Ländergrenze Spanien-Portugal
Ländergrenze Spanien-Portugal

Klar war auch: es wird noch einmal bergig. Keine riesigen Höhen, aber Höhenmeter ohne Ende und wohl auch das ein oder andere Stück mit ordentlichen Steigungen. Da wollte ich meine Erwartungen nicht allzu hoch ansetzen.

Vom Hotel zurück auf den Track ging es gleich hoch, dann beruhigte sich alles etwas und ich kam unerwartet gut voran. Die rund 16km bis zur portugiesischen Grenze waren schnell geschafft. Bemerkung am Rande: das Smartphone hatte sofort die portugiesische Zeit, das Garmin macht den Zeitzonenwechsel offenbar nicht innerhalb einer Aktivität mit.

Staumauer
Staumauer

Bis Castelo Branco ging es auf einer mäßig befahrenen Straße entlang. Die Portugiesen überholen allerdings enger als die großzügig ausholenden Spanier und sie sind auch längst nicht so geduldig. Trotzdem verlief die Fahrt angenehm.

In Castelo Branco hieß es erst einmal Mittagessen. 80km durch hügelige Landschaft lagen ja bereits hinter mir. Dann ging es raus. Die Fahrt führte auf einer Nationalstraße parallel zur Autobahn. Irgendwann kündigte ein Schild eine Sackgasse an. Ich ließ mich nicht beirren und folgte meinem Track. Dort, wo die Sackgasse hätte sein sollen bog ein kleiner Serviceweg ab. Keine Beschilderung, keine Schranke verboten die Nutzung.

Der kleine Weg entlang der Autobahn hatte lediglich einen Haken: er folgte im Höhenprofil den Bergen und nicht der Autobahn, ging also kräftig auf und ab. Letztlich war er aber autofrei und die einzige fahrbare Alternative zur Autobahn. Noch ein weiteres Mal folgte eine Fake-Sackgasse, dann musste ich abbiegen und kam auf kleinen Straßen über einen Staudamm und in eine bergige Landschaft, die über weite Teile Zeichen verheerender Waldbrände zeigte. Auch auf dem Telefon kamen Warn-SMS wegen extremer Waldbrandgefahr.

Waldbrandspuren
Waldbrandspuren

Bei diesem Auf und ab, zumal ohne jeglichen Schatten, freute ich mich, als ich endlich Belver erreichte und eine Getränke- und Nachfüllpause machen konnte.
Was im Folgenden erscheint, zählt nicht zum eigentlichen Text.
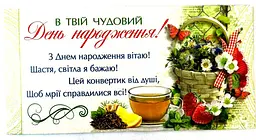 Конверт для грошей В Твій Чудовий День Народження! українською 10 шт КПУ16-89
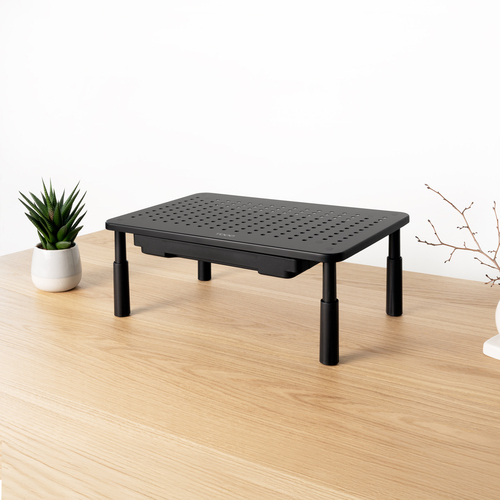 TOOQ SOPORTE ELEVADOR PARA MONITORES CON CAJON, NEGRO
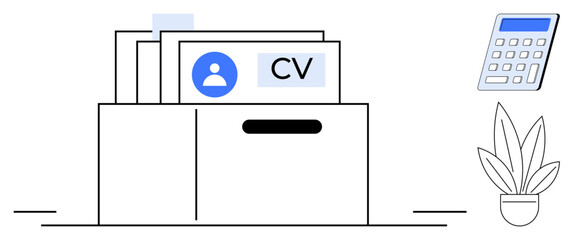 Filing cabinet filled with CVs with avatar icons, beside a calculator, and a potted plant. Ideal for job applications, recruitment, HR, organization, workplace management, candidate screening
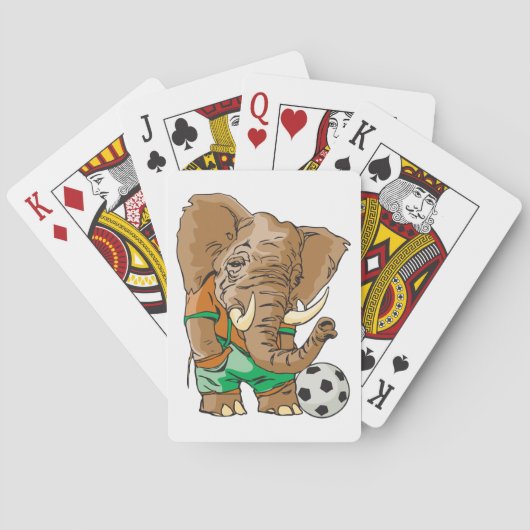 Olifant Voetballer Grappig Sportdier Pokerkaarten (Achterkant)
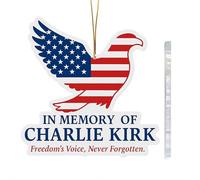 2pcs Charlie Kirk Memorial Ornament, In Memory of Charlie Hanging Ornament, Comemorative RIP CharlieKirk Memorial Gifts for Republicans, Conservatives and Christians Christmas Keepsake B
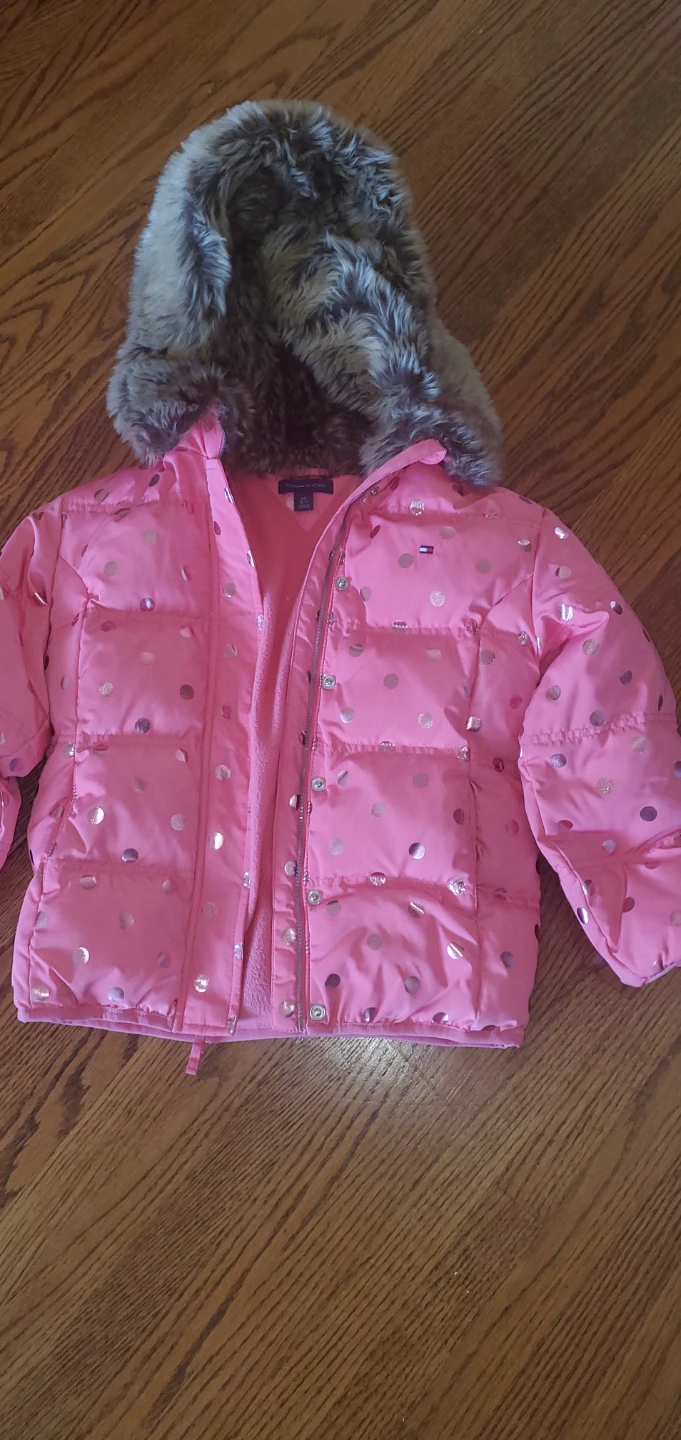 Tommy Hilfiger Pink Polka Dot Puffer Jacket with Faux Fur Hood - photo 3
Trotz des weiter hügeligen Geländes entschied ich mich für eine Fahrt ins 40km entfernte Constância – damit war gegenüber der Sollplanung ein ganzer Tag eingespart.

Allerdings standen damit 191 Kilometer und über 2400 Höhenmeter auf dem Tacho, ganz spurlos wird das nicht vorbeigehen. Aber die morgige Etappe liegt mit vielen flachen Passagen und 130km dafür in eher kleinerem Rahmen.